Richard Walter’s ‘Deadpan’ Finally Found a Home

The satire is incredibly timely.
June 21, 2024

“Deadpan,” released in the spring by Heresy Press, is an unapologetically funny novel about a serious subject: Antisemitism, bigotry and hate. The satire, even though Richard Walter started writing the book in the 1970s, is incredibly timely.

“I’ve been working on this book for nearly 50 years,” Walter, an author, screenwriter and retired long-time chair of UCLA’s screenwriting graduate program, told The Journal. 

Walter and his wife were visiting friends in Seattle, sitting around a fire, when he first got the idea. 

“I was thinking about Kafka’s story, “Metamorphosis,” in which a man wakes up one morning to discover that he’s an insect, a bug, a beetle, depending on the translation,” Walter said. “I thought to myself, ‘What else could you wake up [as]?’” 

He added, “If I were still at UCLA and a professor I would say that it’s an homage to Kafka, but since I’m gone from university, I’ll say I stole it from Kafka.” 

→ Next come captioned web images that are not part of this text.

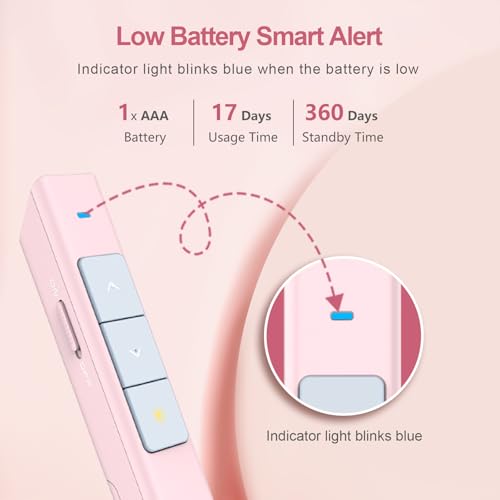 norwii n26 wireless presentation clicker presentation remote powerpoint clicker with pointer for powerpoint presentations power point clicker wireless presenter remote - pink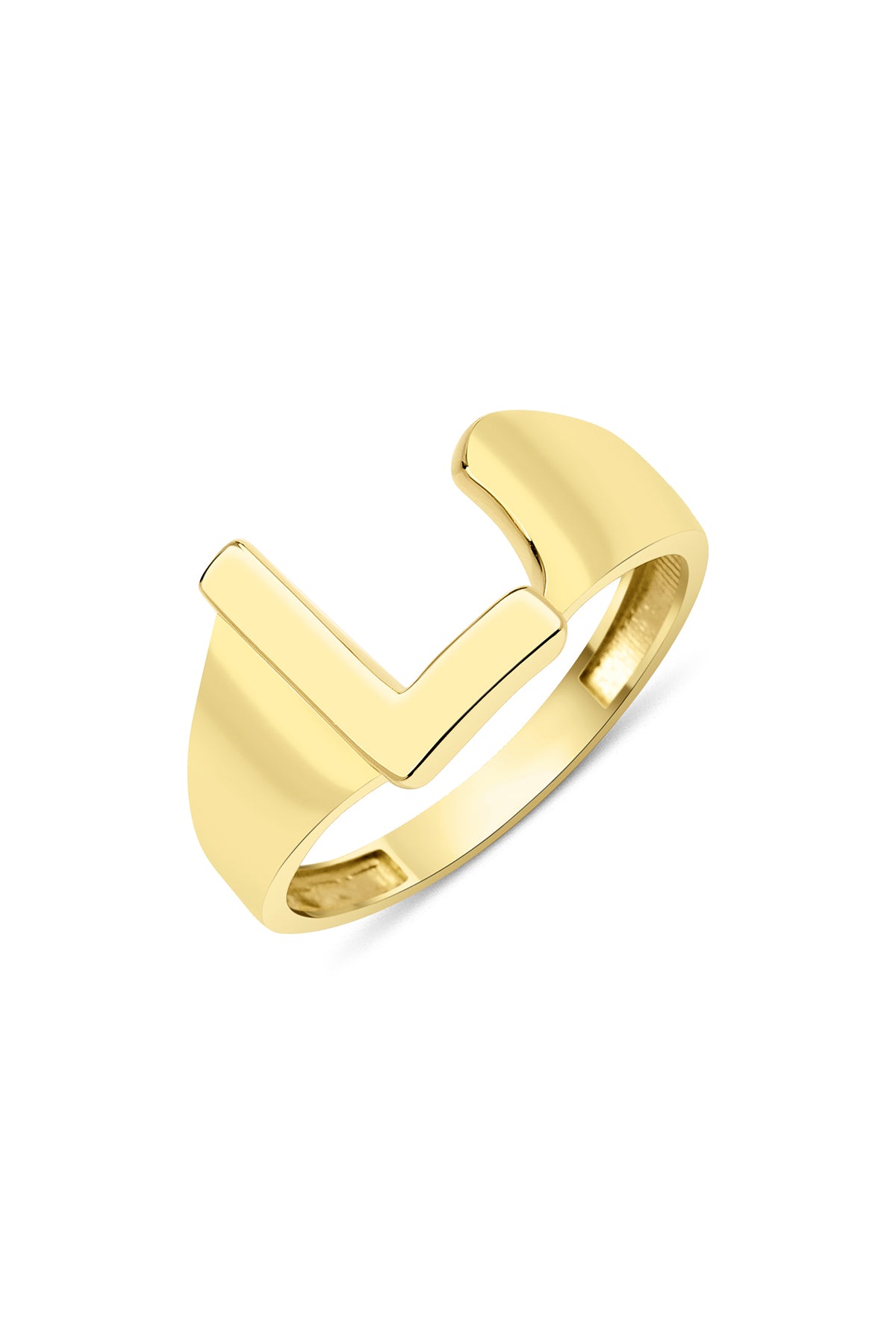 14k Gold L Initial Ring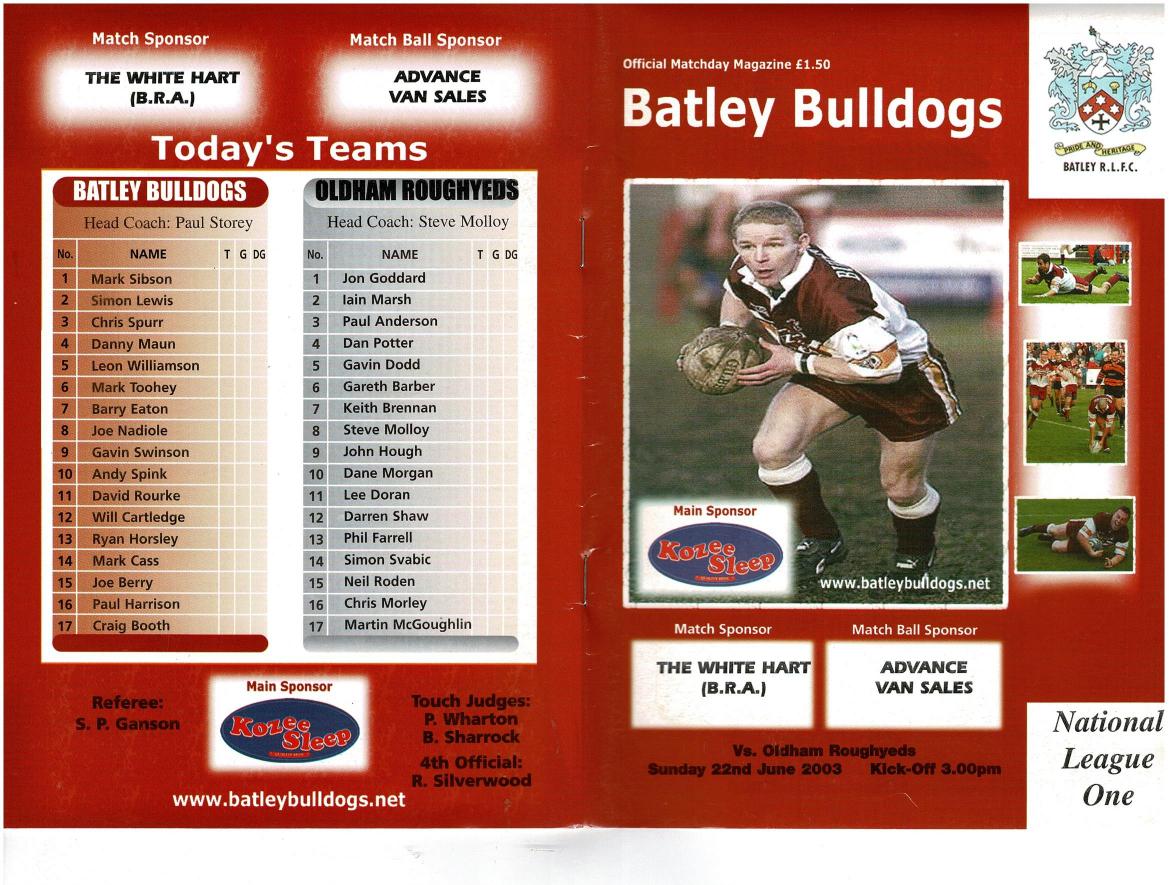 Programme cover: Oldham v Batley Bulldogs, 22 June 2003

Walter, who grew up in New York, thinks he must have been about 15 years old when he realized that there were people in the world who aren’t Jews. 

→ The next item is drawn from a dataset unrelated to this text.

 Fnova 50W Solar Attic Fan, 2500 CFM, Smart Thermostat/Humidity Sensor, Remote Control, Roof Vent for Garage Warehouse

“I’d heard vaguely about antisemitism. but I’ve never really encountered it in any way [until] 1973 [and] the Yom Kippur War,” he said. “At the time, I thought, ‘Since so many comedians are Jews, why not make it a Jewish comedian? And why not let the person, who is transformed into that comedian, be something of an antisemite who ends up spending the day in the life of the Jew.’” 

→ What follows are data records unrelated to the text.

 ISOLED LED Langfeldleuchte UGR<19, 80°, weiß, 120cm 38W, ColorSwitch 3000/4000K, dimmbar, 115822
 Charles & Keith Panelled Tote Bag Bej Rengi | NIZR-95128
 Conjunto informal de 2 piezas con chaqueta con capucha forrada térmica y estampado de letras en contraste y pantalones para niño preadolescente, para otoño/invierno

That’s the basis for “Deadpan.” 

Set during the oil crises of the 1970s, the narrative book features characters as diverse as Sarah Palin, Mel Brooks and the Shah of Iran and alternates between locations in West Virginia, Las Vegas, Washington, Tehran and Sinai. The novel is a celebration of dignity, resilience and humor, as well as a satirical takedown of antisemitism and bigotry.

“I don’t have a mezuzah on my door, I don’t keep kosher and I’m not a temple goer,” he Walter said. “But my Ashkenazi soul informs every thought that I have and every word that I write.”

Walter first sent out “Deadpan” in the late 1970s, and has submitted here and there over the years. But it was deemed too controversial to garner any real interest. Of 50 agents queried only three responded, and those were polite rejections.

“This is my sixth published book and my third novel,” Walter said. “My last novel was a Los Angeles Times bestseller, my nonfiction books on screenwriting for Penguin Random House have been in print for 35 years and my agent who sold my last novel would not even respond to a query regarding ’Deadpan.’” 

At the beginning of the pandemic, Walter got a call from an agent who, decades ago, had represented him and “Deadpan,” asking about the book. He took it as a sign, and during lockdown, worked it through to the novel it is now.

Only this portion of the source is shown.